Going on Instinct: A Mysterious Kernel Panic
There’s nothing quite like a Monday that begins with a Kernel panic on one of your most heavily used machines. I applied a set of updates to my CentOS 4.1 install on Friday (the pack of updates that apply to a fresh installation) only to come in and find that useradd was eating up 99% of one of the processors. Useradd wouldn’t accept a kill signal either so I scheduled a reboot. That was the last straw for the machine and it came up with a kernel panic in drivers/input/serio/i8042.c:988.
Doing my homework I found that the runaway useradd process is a known bug on both the Redhat and CentOS bugtrack. There was no mention of a kernel panic problem on reboot however. So I backed up my data and set out to do a clean installation. I walked through each of the 104 updates to the system to narrow down the troublemaker. Only when I had installed the upgraded device-mapper (1.01.04-1.0.RHEL4) did I experience the problem. As part of dependency resolution the machine had also oddly installed libselinux.i386, device-mapper.i386 and dmraid.i386.

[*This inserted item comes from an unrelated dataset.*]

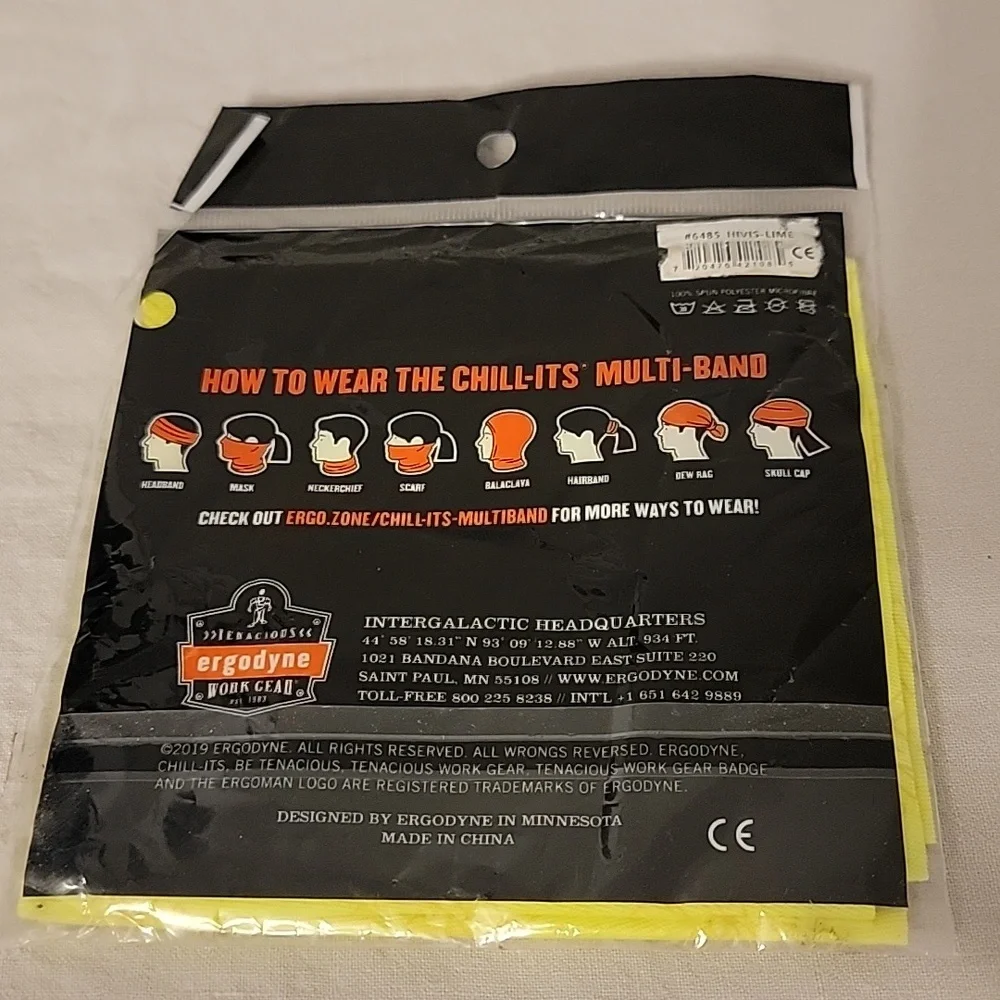 2 Ergodyne Chill-Its Multi-Band Polyester Lime 6485 Work Face Masks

Noticing libselinux in the odd bunch I wanted to make sure my kernel wasn’t enabling selinux and tripping up on my 3ware RAID controller somehow. The 3ware RAID stood out in my mind because it was the only really unique piece of hardware on the machine that I would have had to install kernel support for in an earlier version. To make sure selinux was off I passed the kernel selinux=off via grub and lo and behold the machine booted. I’m still trying to determine precisely why the selinux policy would have conflicted with this setup and whether or not the new enhanced support for audit and its selinux interactions, also among the updated packages, might have something to do with it.